On your way here, it’s likely that you’ll think you’re lost at some point along the way. I pulled over to look at the map on my laptop. A magical open wifi connection called ‘COSMOS’ told me I was fine and still had five miles to go. Once I found parking and walked across the fields, I had a Pomegranate Chip cone.
Just in case you were wondering, this place has no connection to the transcendentalist Utopian community Brook Farm. That place was founded in the 1840s in West Roxbury and now only has a few vestigial buildings still standing. This place was founded in the 1940s in Carlisle when Holsteins were first brought to this property.
Located on over a thousand acres, this is far more than an ice cream parlor. The indoor area where cones are distributed has an array of picnic tables and two windows that look right into the milking pens for the cows. They really honor the cow, providing lots of interactive displays and signs with odd bovine facts everywhere you turn.
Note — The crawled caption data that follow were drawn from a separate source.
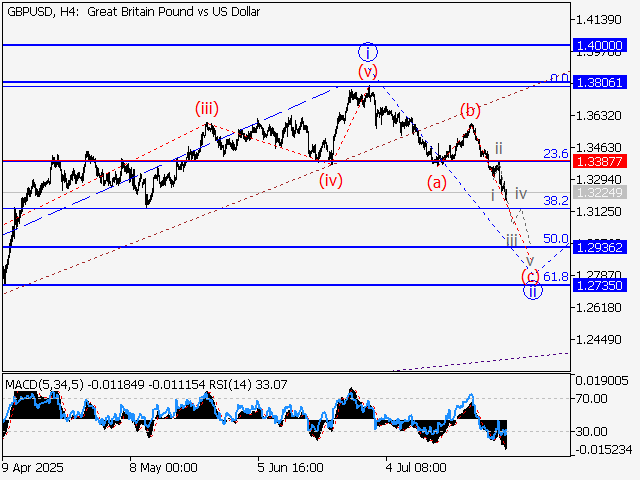 LiteFinance: Analisis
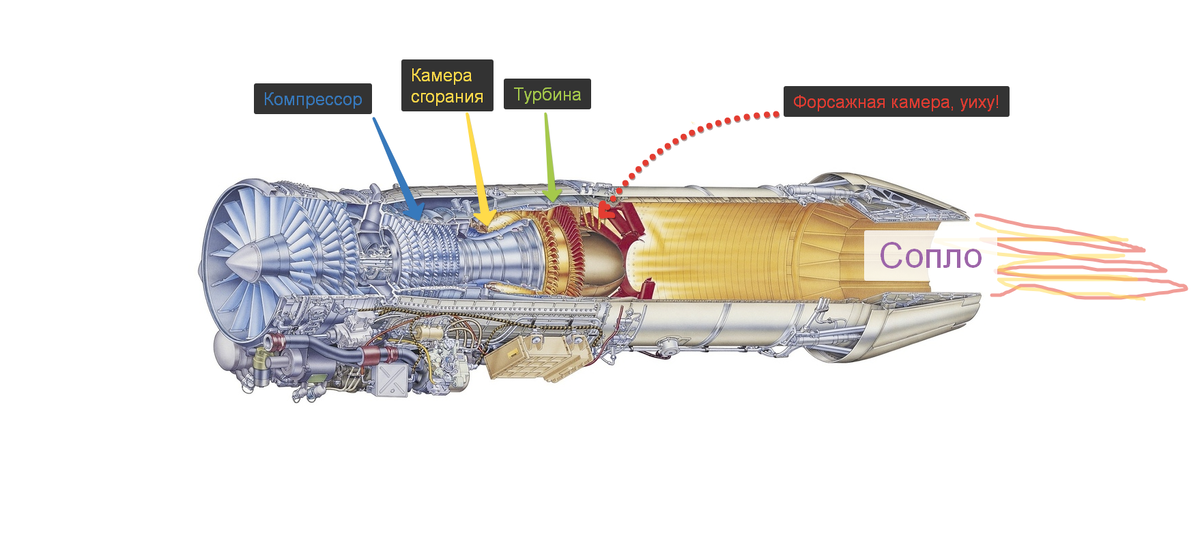 Разрез двигателя General Electric F404, который устанавливается на многие американские истребители.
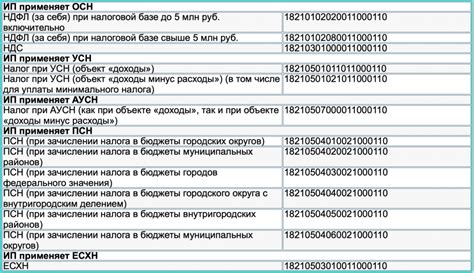 Важность реквизитов КБК для правильного расчета и учета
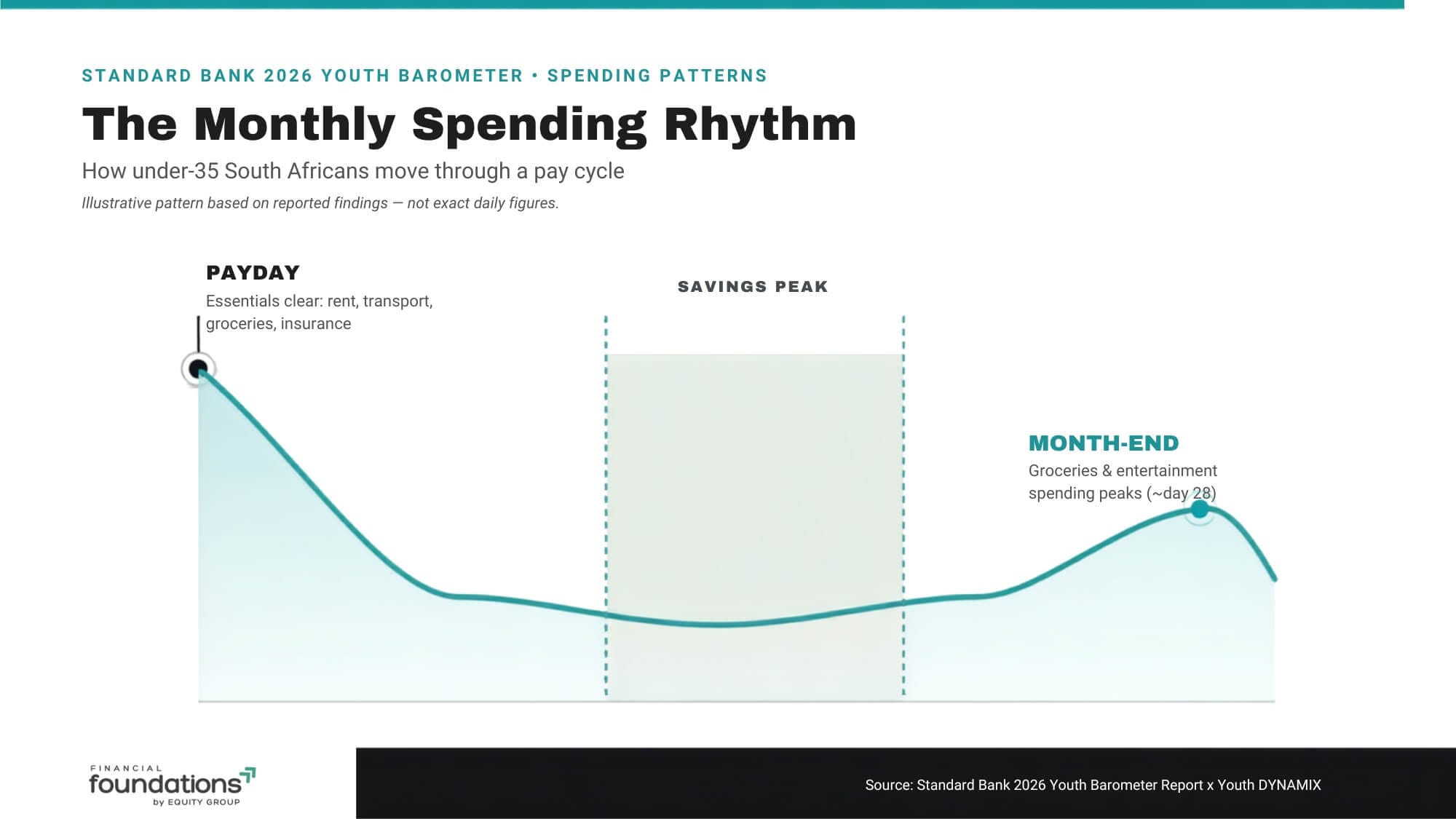 An infographic titled The Monthly Spending Rhythm showing a line graph of South African youth spending patterns from payday through to month-end.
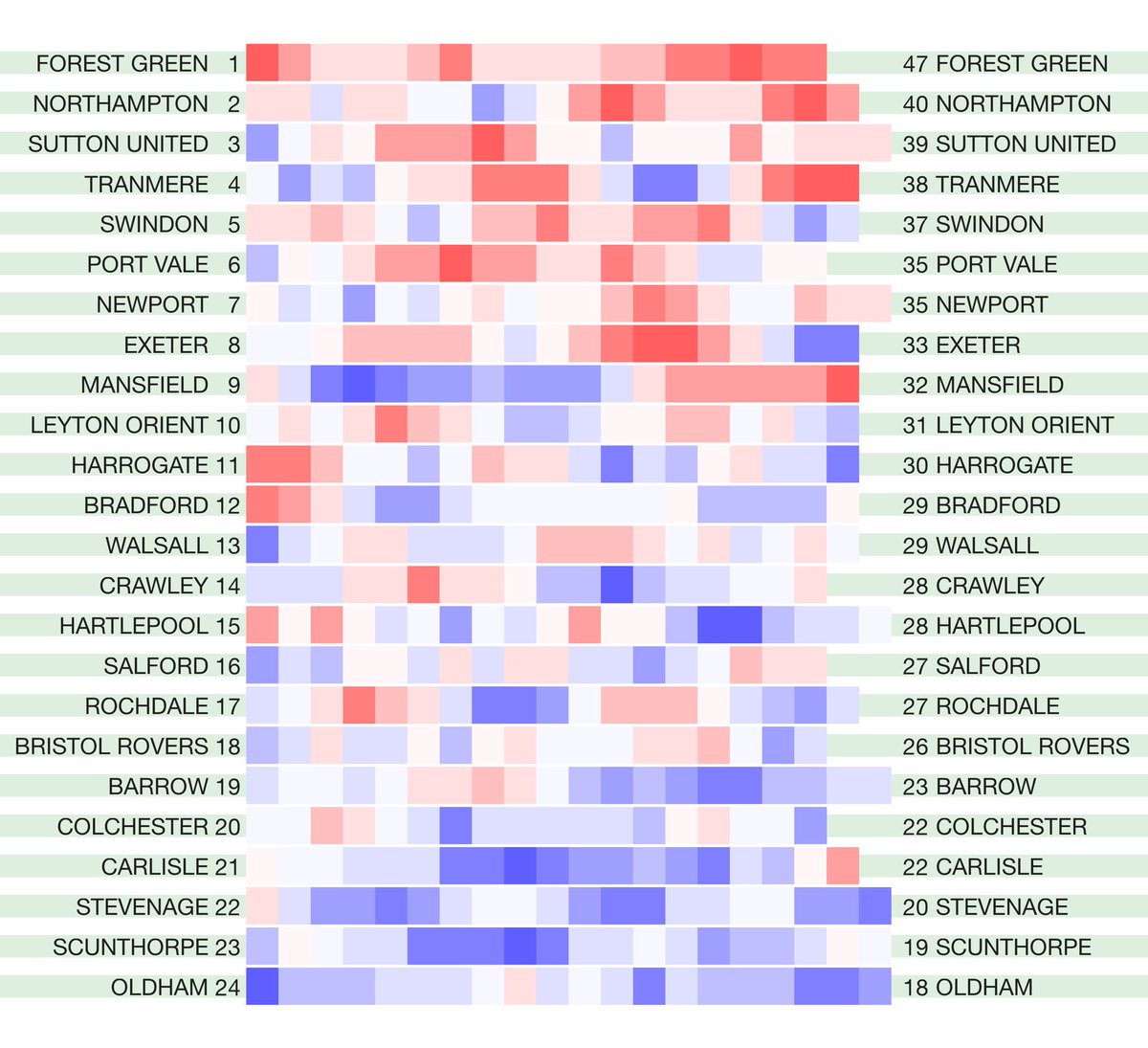 betval's tweet photo. The latest English leagues #hotcoldform 2020/21 season heat map form tables. Rolling four-match points totals for the league season so far. Not including any points deductions. Original match data from @12Xpert https://t.co/LxeemygFE4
With this being a state park, it does cost $2 to park for the day. If you’re just stopping off for a cone, it’s free as long as you don’t linger beyond thirty minutes. Most of the paths lead to the barns, but if you’ve been spun around, there are signs that keep pointing you in the correct direction. In the wintertime one of the barns is converted into a chalet and many trails are open for cross-country skiing.
My first taste was of the ginger, which was as decadent as creaming crystallized ginger can possibly seem. Not sure I could tackle an entire cone of that, I went for the pomegranate chip, another of the more than 60 flavors offered. The chips were secondary to the ice cream itself, with the tang of the fruit really colliding with the cream and creating something that almost tastes like a frozen yogurt. Pomegranate can be a very subtle fruit (aside from the mess it makes as it stains everything in its wake), and they have harnessed it to maximum potential here.
Being situated this near so many trails means that merely walking here almost makes the net calorie count zero. Best thing I overheard: one woman to another as they turned to a flowering field, “He likes being held, he prefers it to walking.” How young was her son you ask? Nope, she was lugging around a bunny.